Goldman Tried To Be Nice, But Now They’ll Have To Bring Jeff Currie Into This…

Shit just got real.

So as regular readers know, Goldman is rapidly losing its patience with you on the whole crashing commodities thing.

Yes, tightening in China and a simultaneously crackdown on shadow banking is acting as a giant margin call and yes, the macro data is rolling over, but if you think that’s something Goldman is worried about when it comes to their Overweight commodities call you’re wrong.

And see they tried to warn you. They tried and they tried. Note after fucking note. Day after fucking day.

But did you listen? No, you didn’t. You kept selling the metals and you kept asking questions and so on Wednesday Goldman brought out the big guns.
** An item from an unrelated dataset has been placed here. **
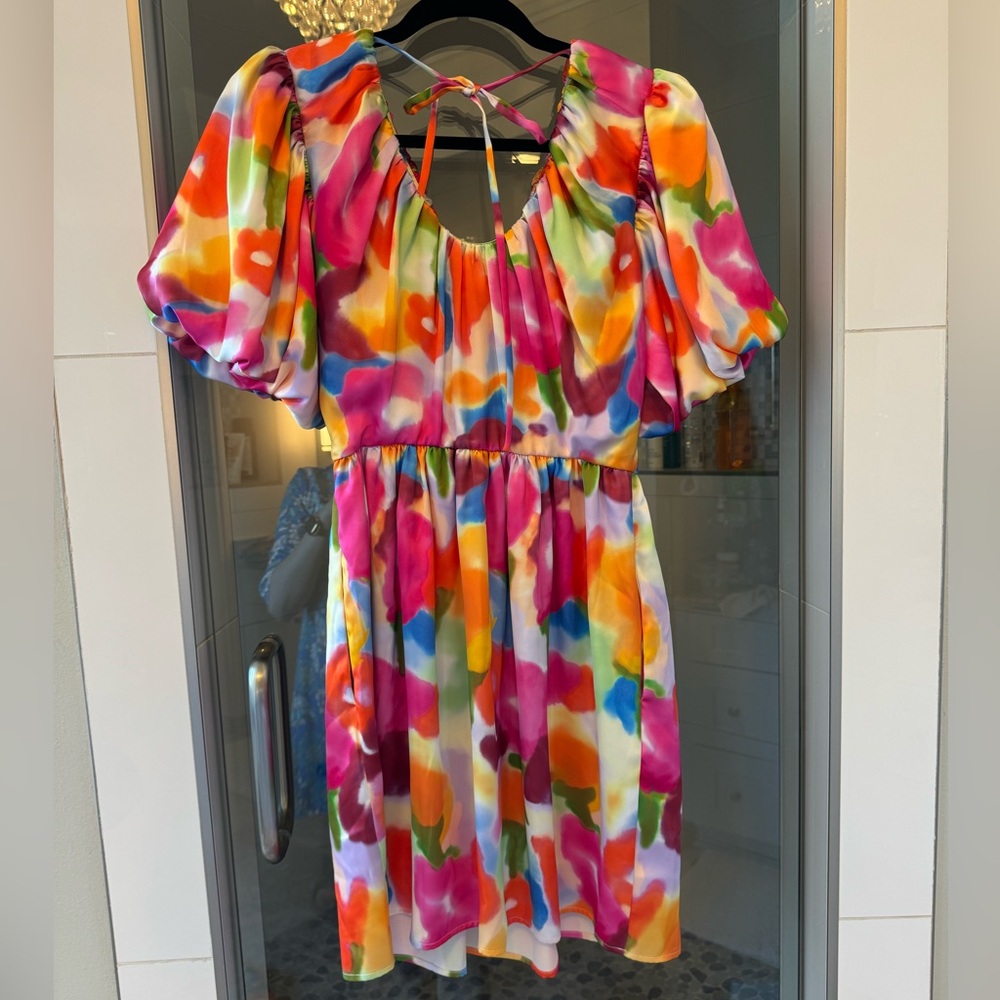 Crosby by Mollie Burch Rainey dress, XS, NWT - Picture 5 of 7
You forced their hand so they had to bring Jeff Currie into this.


Because you asked for it…

Via Goldman

Commodities had a dismal week last week. From April 28 to May 5, the S&P GSCI total returns index fell 3%, with iron ore down 13%, crude oil down 6%, and copper down 3%. In sharp contrast, other risk assets performed well: S&P 500 gained 1% and US high-yield corporate spreads stayed roughly flat. Much of the commodities sell-off was driven by technical factors, including the liquidation of spread positions in the oil market and the LME inventory build in the copper market.
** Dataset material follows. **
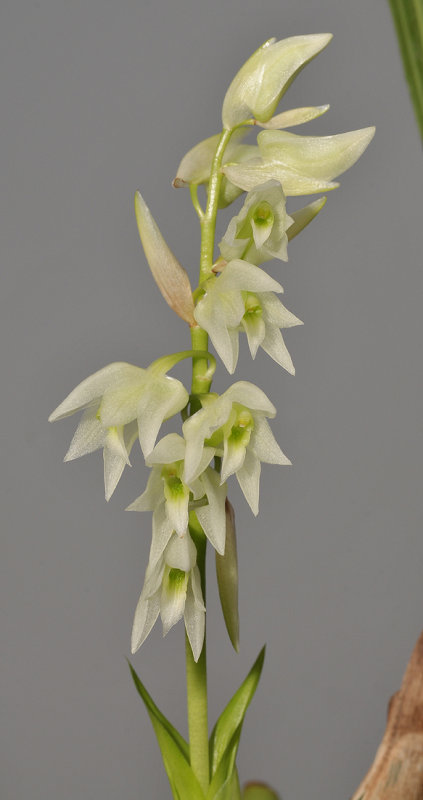 Coelogyne bicamerata. Closer.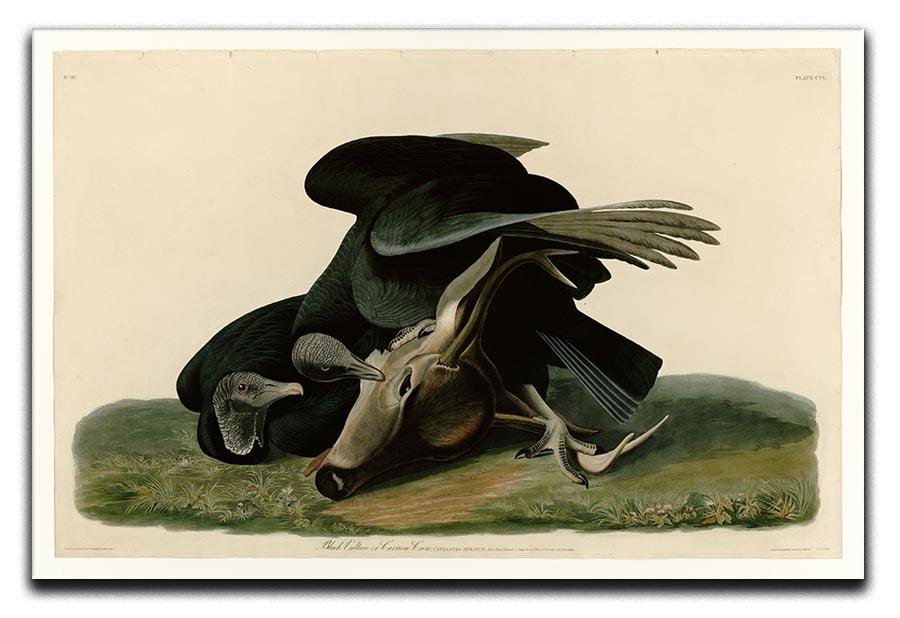 Black Vulture by Audubon Canvas Print or Poster - Canvas Art Rocks - 1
But the broad-based energy and metals underperformance also reflected resurfacing China fears. As MK Tang pointed out earlier, the Chinese government has adopted tightening policies. The annualized 7-day repo rate shot up to 5.5% on March 21 (Exhibit 1). Most recently, all four PMIs coming out of China last week disappointed (Exhibit 2), fueling worries about policy tightening negatively affecting real activity. Given the outsized footprint of China in the commodities market, commodity prices fell in response.


Is the commodity sell-off on China fears warranted? We think not for two reasons.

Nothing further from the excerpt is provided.